| Jayanto Narayan Choudhury addresses the seminar on Monday. Picture by UB Photos |
Jan. 28: Director-general of police Jayanto Narayan Choudhury today appealed to girl students studying in various city colleges to join the police force in a bid to increase the number of women cadres in Assam police.
Choudhury said the number of women cadres in the Assam police is less than 2 per cent, which should be increased. “While the percentage of women cadres should be around 33 per cent in the police, it is less than 2 per cent in Assam police. You should come forward to build your career in the police,” said Choudhury.
Choudhury was the chief guest of the 16th foundation day of the North East Girl Students Association organised at Lakhiram Barua Sadan near the District Library here. A seminar was also organised on the topic “Prevention of crime against women: Role and responsibility of the civil society” on the occasion.
The organisation was formed on January 28, 1998, at the first North East Girl Students Conference held at Handique Girls College. Since its formation, the members of the association have carried out its mission relentlessly to create awareness among the public about the various evils of society and mobilise girl students and women to build a healthy and violence-free society.
Additional DGP (CID) Mukesh Sahai, writer Maini Mahanta and advocate of Gauhati High Court, Satyendra Sarma, were the other dignitaries present at the seminar. A large number of students from different city colleges participated in the seminar, which highlighted how women should counter acts of crime against them.
Association president Munmi Dutta said the seminar was aimed to create awareness about the safety of women, considering the fact that the number of crime incidents has increased over the years.
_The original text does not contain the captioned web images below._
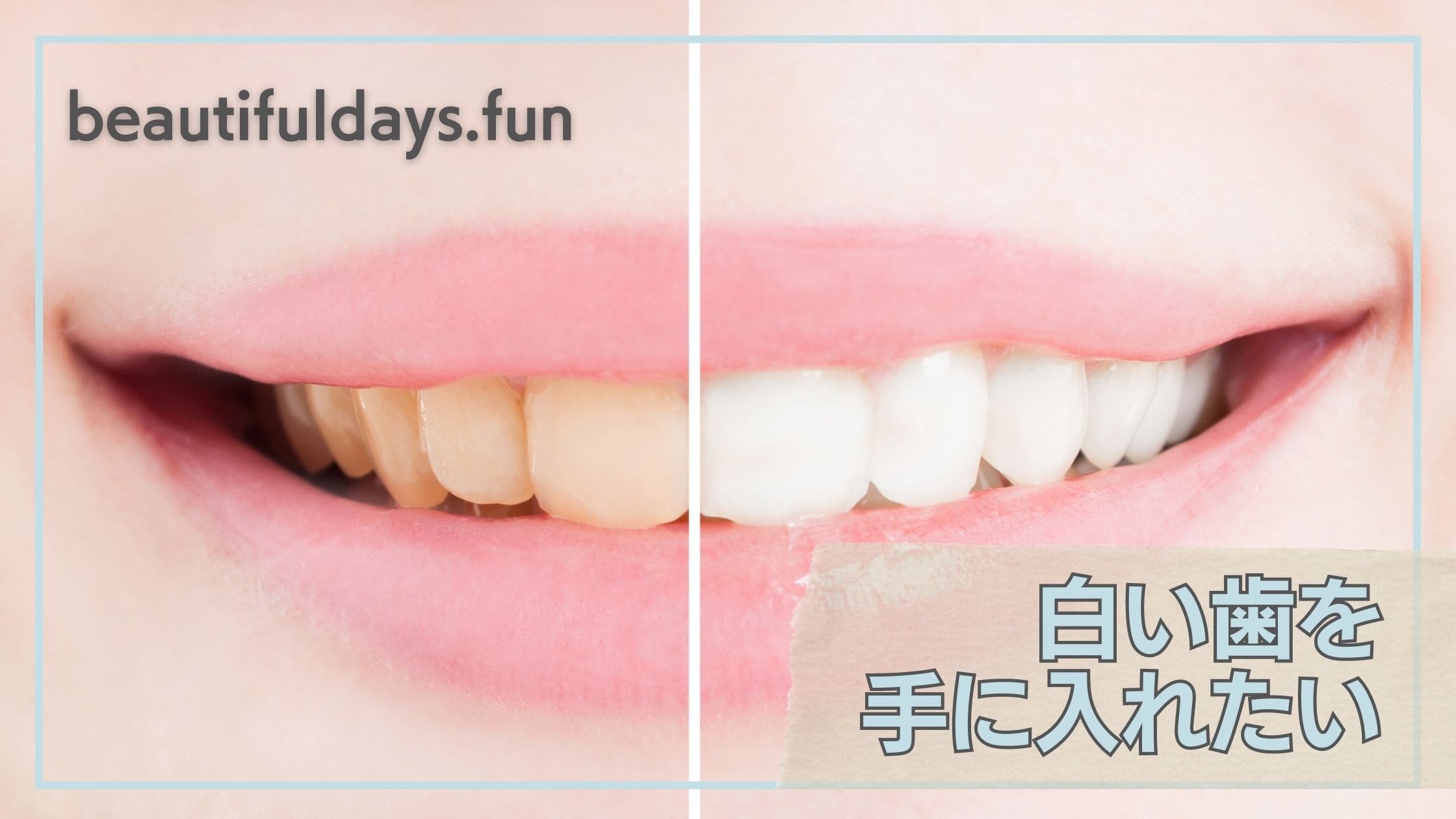 WDC-white-teeth-min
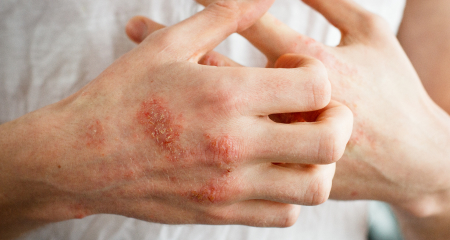 Eczema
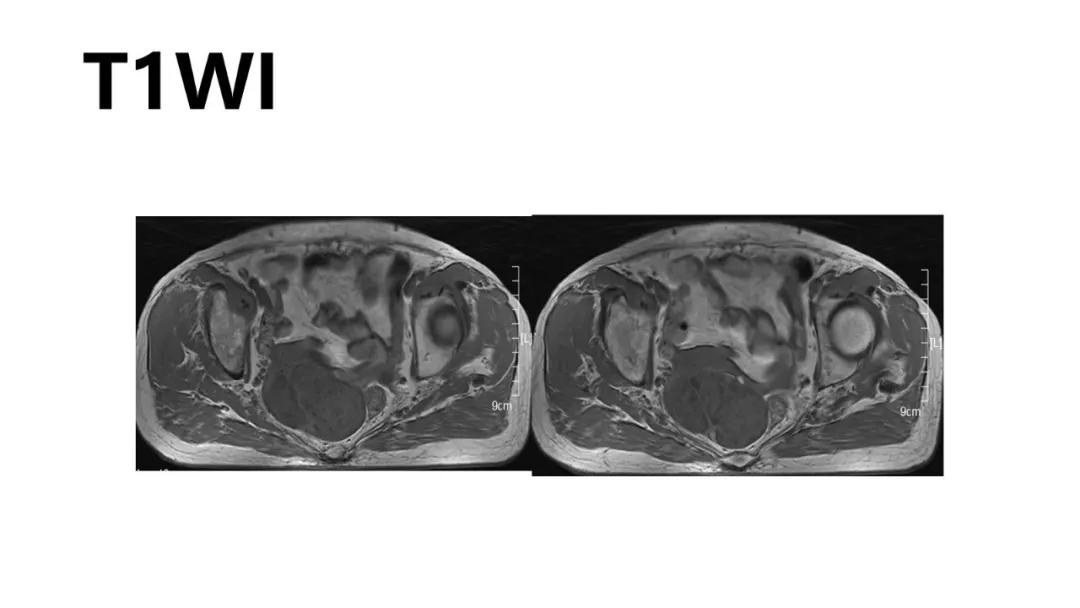 卵巢原发肿瘤的分析思路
Sahai emphasised on proper implementation of the existing laws to curb crime against women. He said if the existing laws were implemented properly, then crime incidents against women would come down drastically.
“The existing laws are fine to prevent crime against women. The only problem is their proper implementation. If the existing laws are implemented quickly it will go a long way in curbing criminal activities against women,” Sahai said.
“In the existing set-up, delivering justice to a woman victim is a time-consuming process. Justice should be given quickly and with less expenditure,” Sahni added.
Advocate Sarma praised the initiative of the students’ association in creating awareness about crime against women and requested it to work among the grassroots level and in interior areas. He suggested the association to distribute leaflets or booklets with proper information and contact numbers of the police to contact when a girl faces any kind of harassment.